I’ll speak no more; for it comes again,
That sense of ruin, which is worse than pain,
That masterful negation and collapse
Of all that makes me man; as though I bent
Over the dizzy brink
Of some sheer infinite descent;
Or worse, as though
Down, down forever I was falling through
The solid framework of created things,

Go forth upon thy journey, Christian soul!
Go from this world! Go, in the name of God.

I went to sleep; and now I am refreshed.
A strange refreshment: for I feel in me
An inexpressive lightness, and a sense
Of freedom, as I were at length myself
And ne’er had been before. How still it is!

(As his Guardian Angel lifts him up)

Another marvel; someone has me fast
Within his ample palm; ‘tis not a grasp
Such as they use on earth, but all around
Over the surface of my subtle being,

My work is done,
My task is o’er, And so I come,
Taking it home,
For the crown is won,

God gave his angels charge over us.

Saturday, 10/2/10

Today we are free to remember our Guardian Angels, even though the Church has never clearly taught that we had them. In Old Testament times God was thought to dwell far above us in heaven; but knowing that he had concern for us, we imagined that he had messengers between him and us. That is what Jacob saw in his dream of messengers going up and down a ladder to heaven. (Angel is the Greek word for a messenger.)

Then in the New Testament St. Paul said, “God is not far from any of us, for in him we live and move, and have our being.” that did away with our need for angels. They were like pensioned off. Now, Hollywood has employed them all, fitting them into every third picture it produces.

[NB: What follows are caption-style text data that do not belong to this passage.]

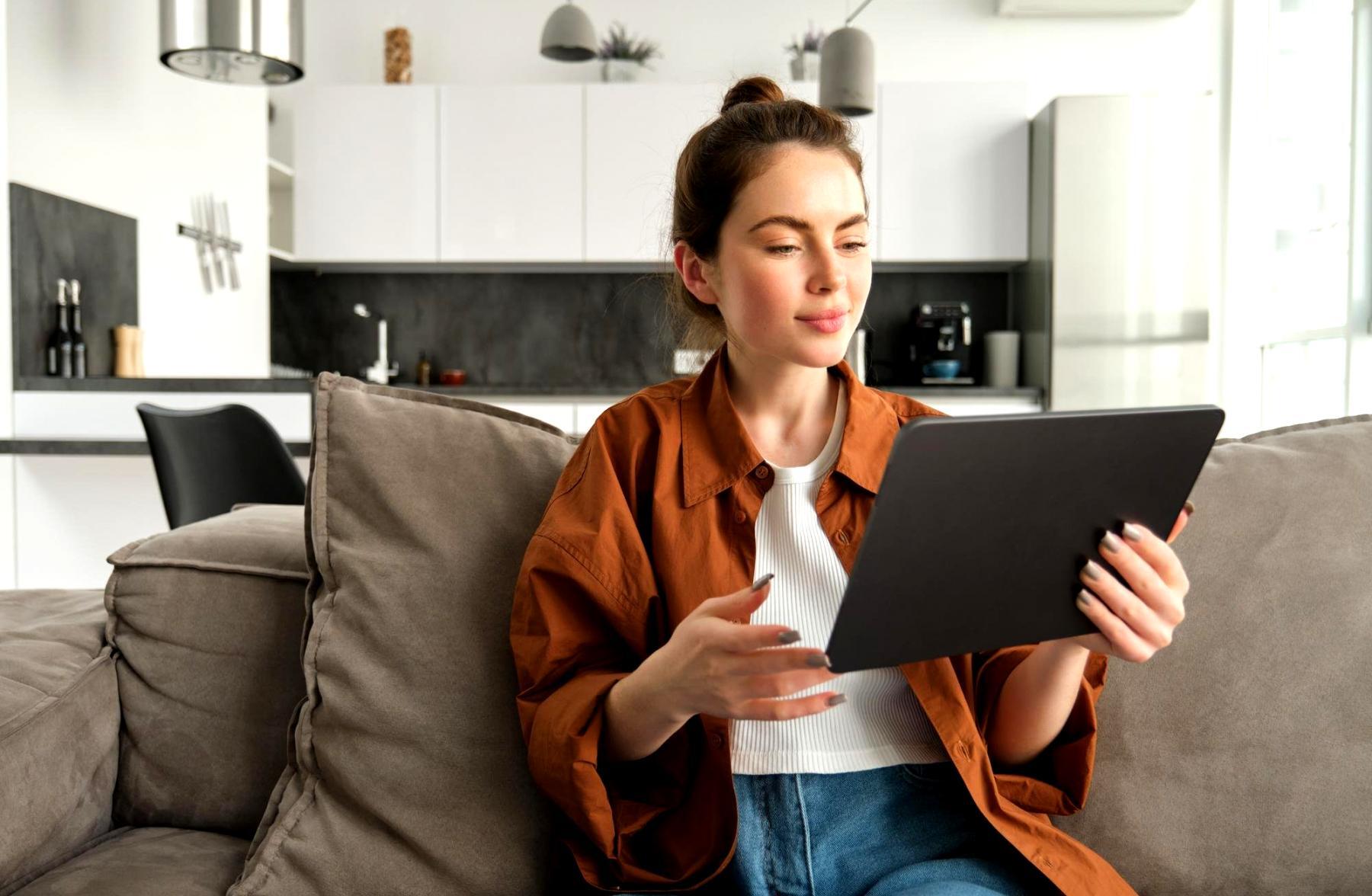 Reunión de equipo analizando estrategias de optimización presupuestaria con clientes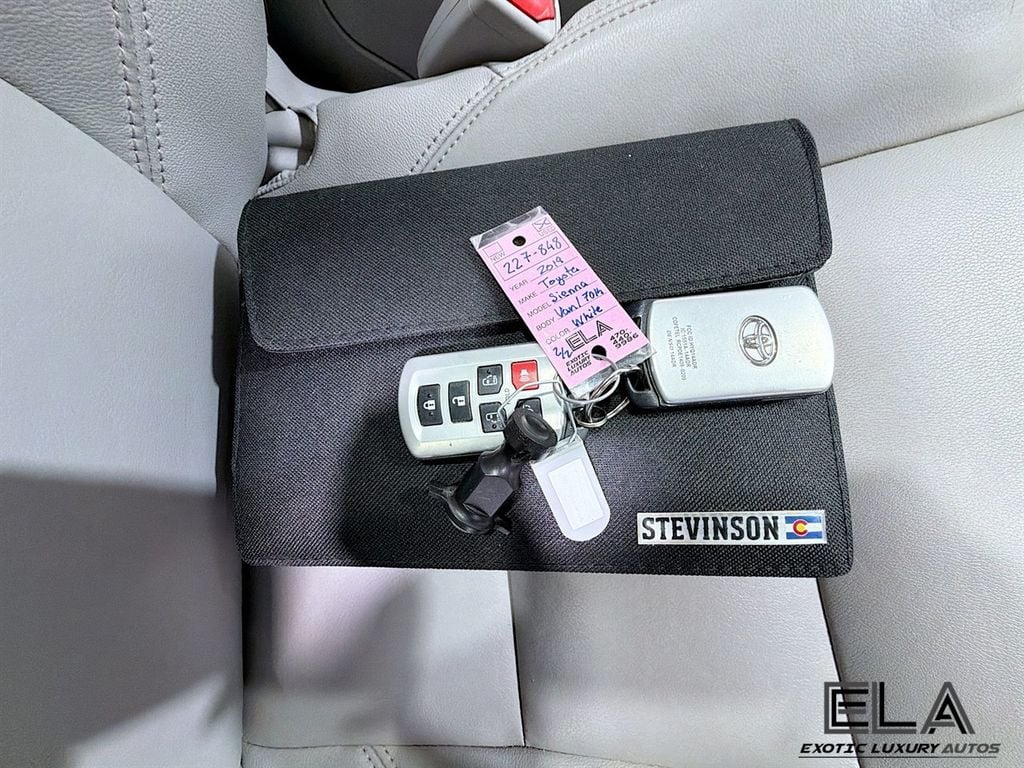 2019 Toyota Sienna XLE Premium AWD 7-Passenger - 23005379 - 38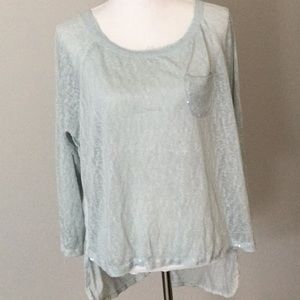 Lightweight, drop tail hem sweater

Still, there is no need to be cynical about this. The saints lived in contact with their angels. Blessed John Henry Newmen had them in his dramatization of Christian death in “The Dream of Gerontius.” Seeing his charge through a Christian death Newmen’s angel said, “My work is done, my task is o’er, and so I come, taking it home. The crown is won.” Then. “The Father gave in charge to me this child of earth even from his birth, to serve and save, and saved he is.” Finally, “This child of clay to me was given, to rear and train by sorrow and by pain through the narrow way from earth to heaven.”